While the estimates of the number of funds frozen in multi-sig Parity wallets remain uncertain, cryptocurrency analysts have speculated the amount to be in the range of $150 to 280 million dollars.
What Was the Bug?
A user, who claimed to be “newbie” in the cryptocurrency sector, discovered a severe flaw in Parity, as the user took control of a smart contract which contained highly sensitive information including transaction instructions for many multi-signature wallets. The problem occurred when the user declared itself as the owner of the smart contract and disabled it shortly thereafter, effectively disallowing any funds from being moved or accessed.
Patrick McCorry, a cryptocurrency researcher at University College London, told Fortune in an interview that the only method of restoring the hundreds of millions of dollars that have been frozen in multi-sig wallets is to perform a hard fork to reverse the incident.
“The only way to ‘re-activate’ the smart contract is to perform a ‘hard fork’ that effectively reverses the work,” said McCorry.
Tuur Demeester, a prominent bitcoin investor, and analyst revealed that $90 million in Ether of an initial coin offering (ICO) of Gavin Wood has also been frozen, and the bug affected commercial projects apart from user wallets.
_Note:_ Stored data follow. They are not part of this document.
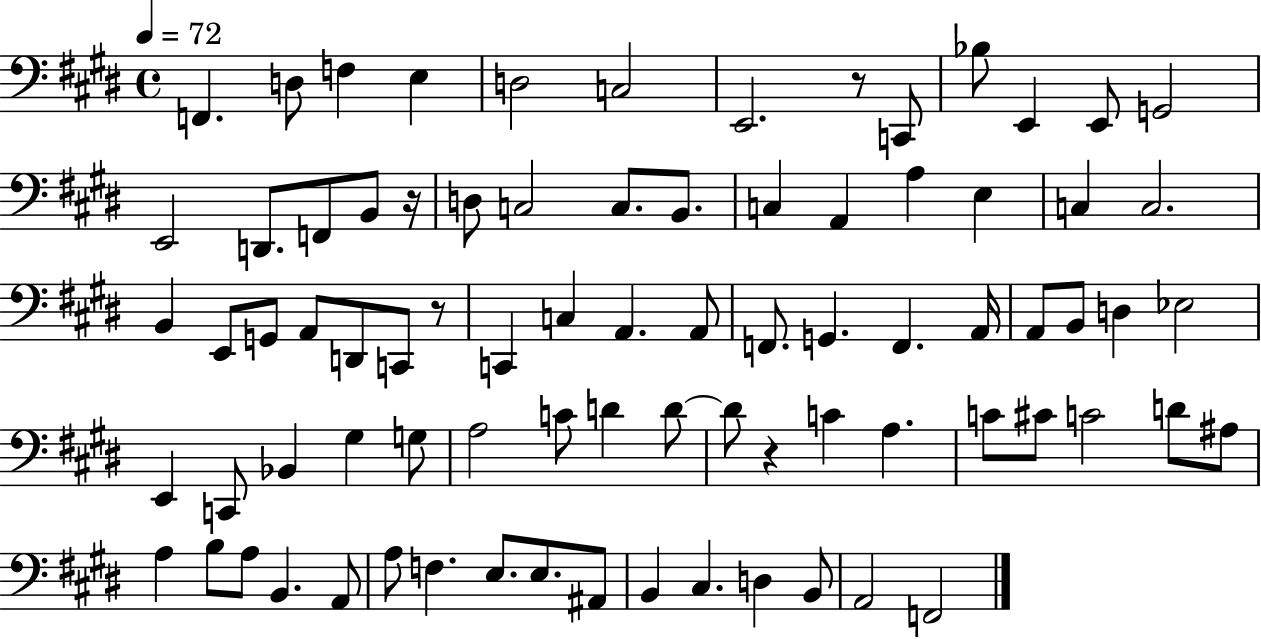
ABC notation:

X:1
T:Untitled
M:4/4
L:1/4
K:E
F,, D,/2 F, E, D,2 C,2 E,,2 z/2 C,,/2 _B,/2 E,, E,,/2 G,,2 E,,2 D,,/2 F,,/2 B,,/2 z/4 D,/2 C,2 C,/2 B,,/2 C, A,, A, E, C, C,2 B,, E,,/2 G,,/2 A,,/2 D,,/2 C,,/2 z/2 C,, C, A,, A,,/2 F,,/2 G,, F,, A,,/4 A,,/2 B,,/2 D, _E,2 E,, C,,/2 _B,, ^G, G,/2 A,2 C/2 D D/2 D/2 z C A, C/2 ^C/2 C2 D/2 ^A,/2 A, B,/2 A,/2 B,, A,,/2 A,/2 F, E,/2 E,/2 ^A,,/2 B,, ^C, D, B,,/2 A,,2 F,,2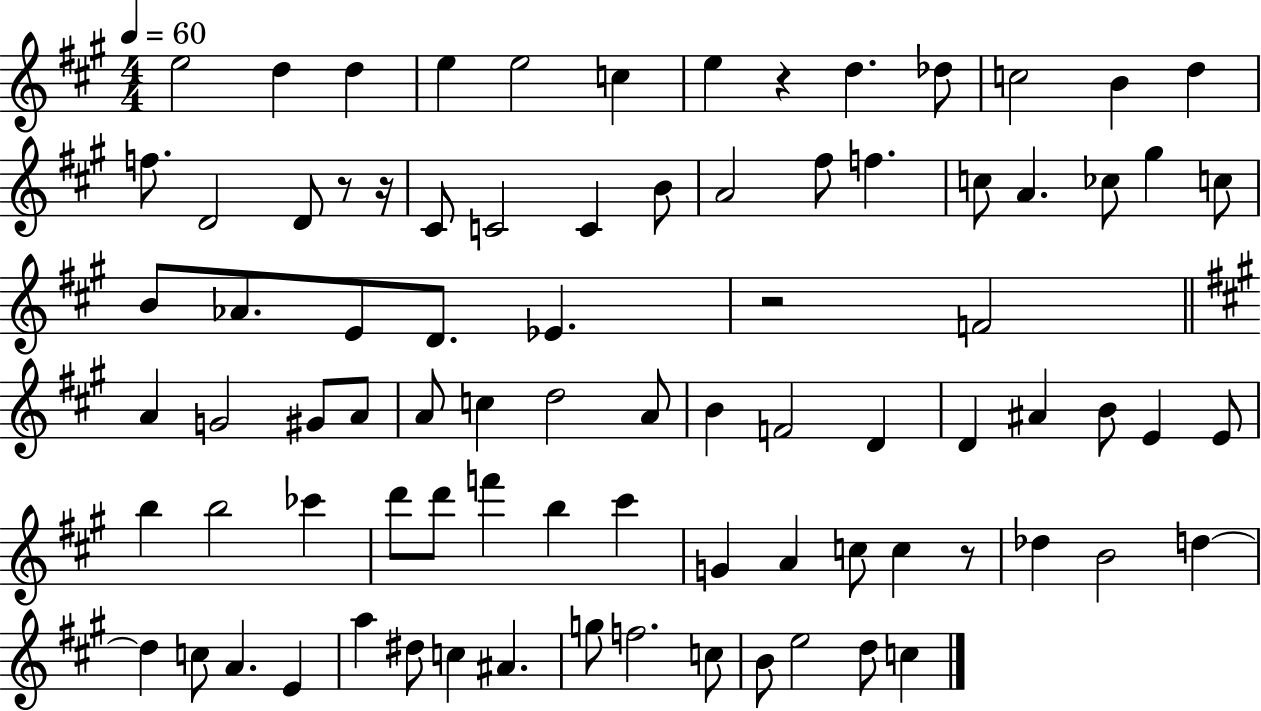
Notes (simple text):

E5/h D5/q D5/q E5/q E5/h C5/q E5/q R/q D5/q. Db5/e C5/h B4/q D5/q F5/e. D4/h D4/e R/e R/s C#4/e C4/h C4/q B4/e A4/h F#5/e F5/q. C5/e A4/q. CES5/e G#5/q C5/e B4/e Ab4/e. E4/e D4/e. Eb4/q. R/h F4/h A4/q G4/h G#4/e A4/e A4/e C5/q D5/h A4/e B4/q F4/h D4/q D4/q A#4/q B4/e E4/q E4/e B5/q B5/h CES6/q D6/e D6/e F6/q B5/q C#6/q G4/q A4/q C5/e C5/q R/e Db5/q B4/h D5/q D5/q C5/e A4/q. E4/q A5/q D#5/e C5/q A#4/q. G5/e F5/h. C5/e B4/e E5/h D5/e C5/q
At this point, it is difficult to justify the Parity flaw as a bug or a vulnerability in the Ethereum software, as Ethereum co-founder Vitalik Buterin has always advocated the development and deployment of simpler and safer wallet contracts. Upon the disclosure of the bug, Buterin praised developers actively working to provide a secure infrastructure for Ether users.
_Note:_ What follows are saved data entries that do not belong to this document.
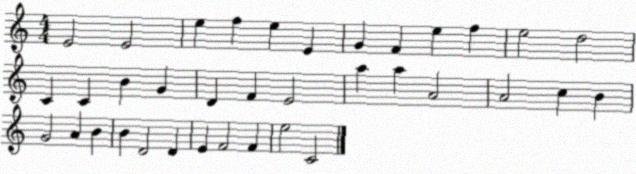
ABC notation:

X:1
T:Untitled
M:4/4
L:1/4
K:C
E2 E2 e f e E G F e f e2 d2 C C B G D F E2 a a A2 A2 c B G2 A B B D2 D E F2 F e2 C2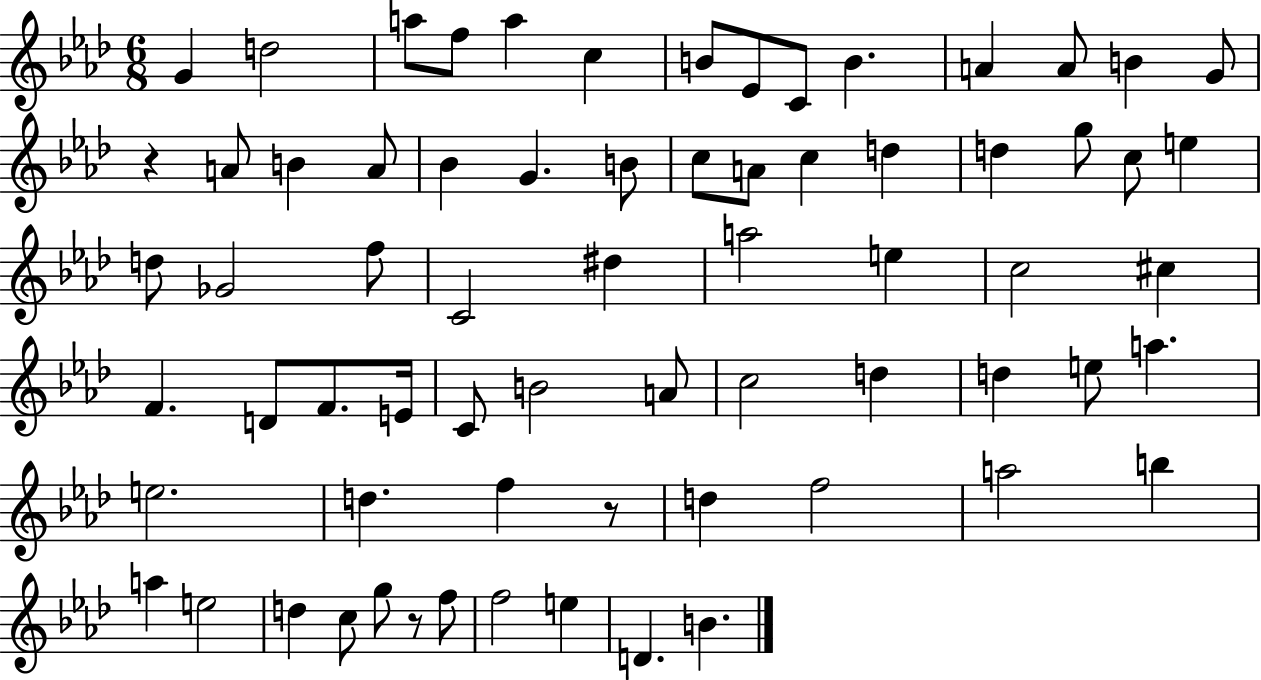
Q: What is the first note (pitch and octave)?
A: G4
Where Does Ethereum Go From Here
Previously, even up until late 2016, the Ethereum network had carried out four consecutive hard forks to solve memory outages and bugs within the Ethereum software. Optimistically, none of the funds that have been frozen have been stolen, and all of the funds will likely be restored with a hard fork execution in the upcoming weeks. It is important to understand that vulnerabilities can be fixed with updates and speedy recovery will allow the Ethereum network to become more resilient to such flaws in the future.
For Parity and the Ethereum Foundation, it is vital to react speedily and accordingly to the flaw found in the Parity software and provide a hard fork solution to reverse the freezing of large amounts of Ether.